---------- DATA EXTRACT ----------

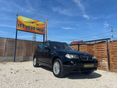 BMW X3 2008/1 - 1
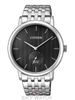 ĐỒNG HỒ CITIZEN BE9170-56E
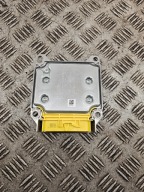 AUDI A6 C7 4G0 module control unit PRZYSPIESZENIA 4G0907637H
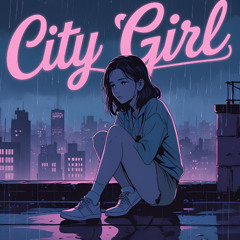 City Girl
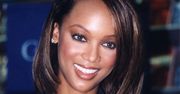 Tyra Banks skończyła 50 lat. Brzydkie kaczątko zmieniło się w supemodelkę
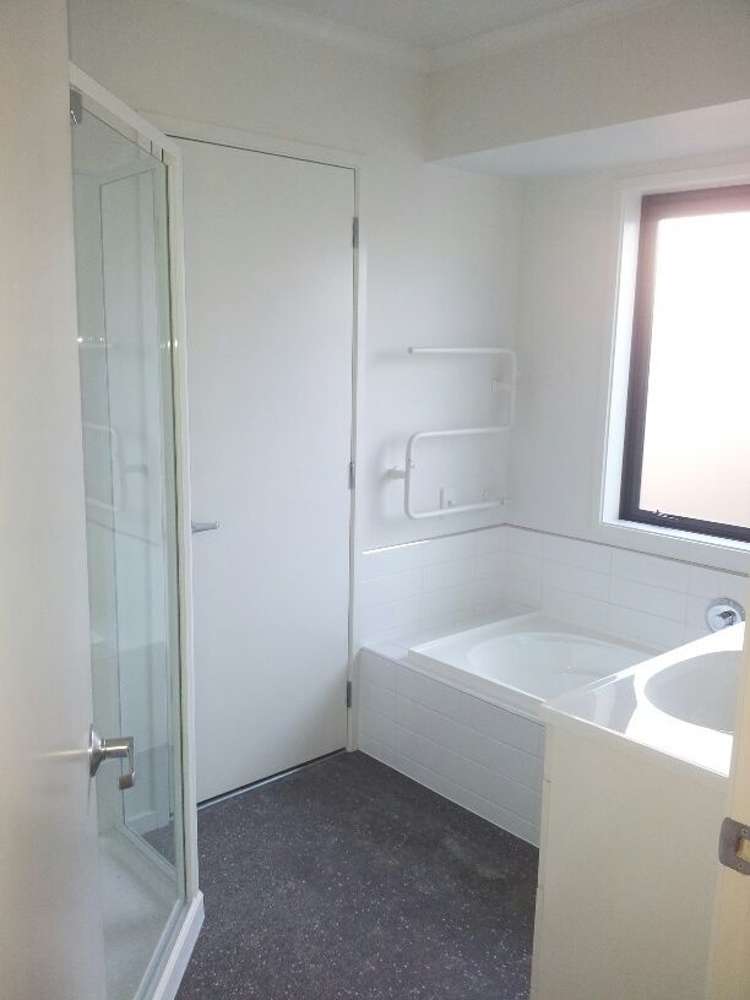 8 Loeb Place Rolleston_6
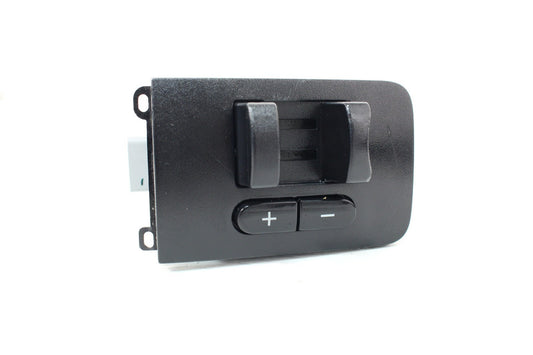 11 thru 16 Super Duty F250 F350 OEM Ford In-Dash Trailer Brake Controller Module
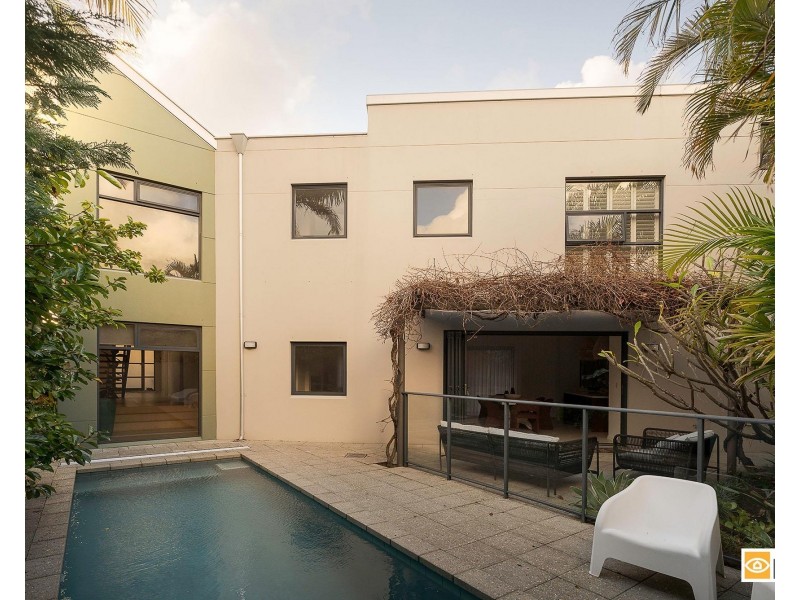 14 St Monica Lane, Mount Lawley WA 6050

----------

Leave the pictures out, and transcribe each of the records exactly.

 BMW X3 2008/1 - 1
 ĐỒNG HỒ CITIZEN BE9170-56E
 AUDI A6 C7 4G0 module control unit PRZYSPIESZENIA 4G0907637H
 City Girl
 Tyra Banks skończyła 50 lat. Brzydkie kaczątko zmieniło się w supemodelkę
 8 Loeb Place Rolleston_6
 11 thru 16 Super Duty F250 F350 OEM Ford In-Dash Trailer Brake Controller Module
 14 St Monica Lane, Mount Lawley WA 6050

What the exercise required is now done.